Smaller clothes


I have quit drinking (8 months), quit flour and sugar (14 weeks) and am within a pound of my goal weight! The weird thing is how unnerved this has made me as I seem so small after having lost 30 (what!) pounds. I went shopping for pants yesterday and when the clerk asked what size, I said size 8. I could hardly look at her as I was expecting her to raise her eyebrows and say ‘are you sure’. I even thought of saying size 8 or 10, just to be more modest. So weird that I can really feel my brain trying to convince me I am still fat, that I should keep my old clothes ‘just in case’, that I certainly can’t maintain this forever.

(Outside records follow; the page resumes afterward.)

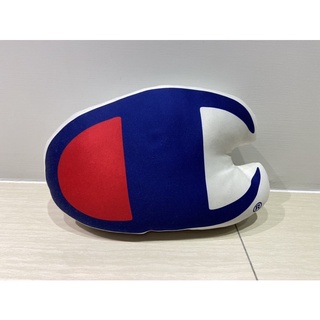 Champion Pillow 白藍紅冠軍大c 經典logo 造型抱枕枕頭棉質布面禮品居家 蝦皮購物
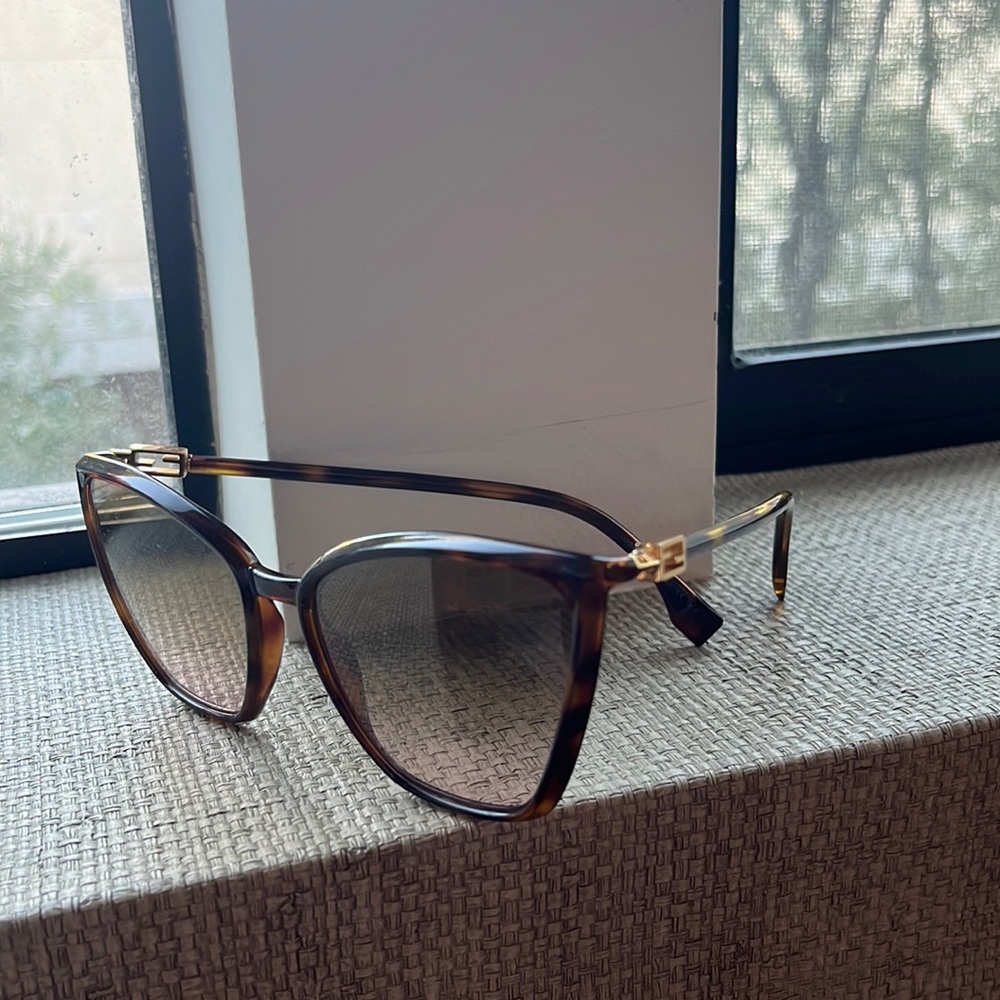 Gorgeous authentic Fendi  tortoise shell cat eye sunglasses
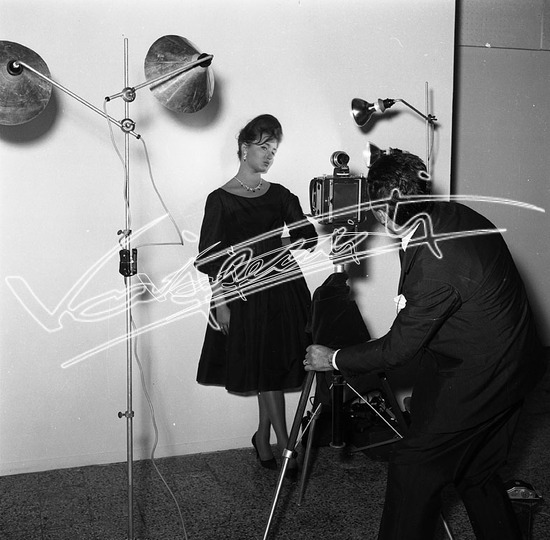 Vajenti - La storia. Pellicola - negativo bianco e nero fto mm 60x60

I am trying to think back to other times in my life when I lost weight this easily and was this happy and try to figure out where I went wrong to gain it back. The thing is (no surprise) that I can’t remember any of that, I totally checked out during the falling apart phase, or maybe it was just slow. I am determined to stay present and keep doing this work, but it would be a lie to say I wasn’t afraid that this is just a passing fad for me. And my new body is so obvious and public, I think how embarrassed I will be when I gain it back.
Also, even thought I am at my goal weight, I feel like I have more to lose to get to my natural weight, I haven’t really hit a plateau. And that is scary, I am almost tempted to start eating more so I can keep from losing more weight. I am 5.7 and 146 so I know it wouldn’t be unhealthy. But why is it so unnerving?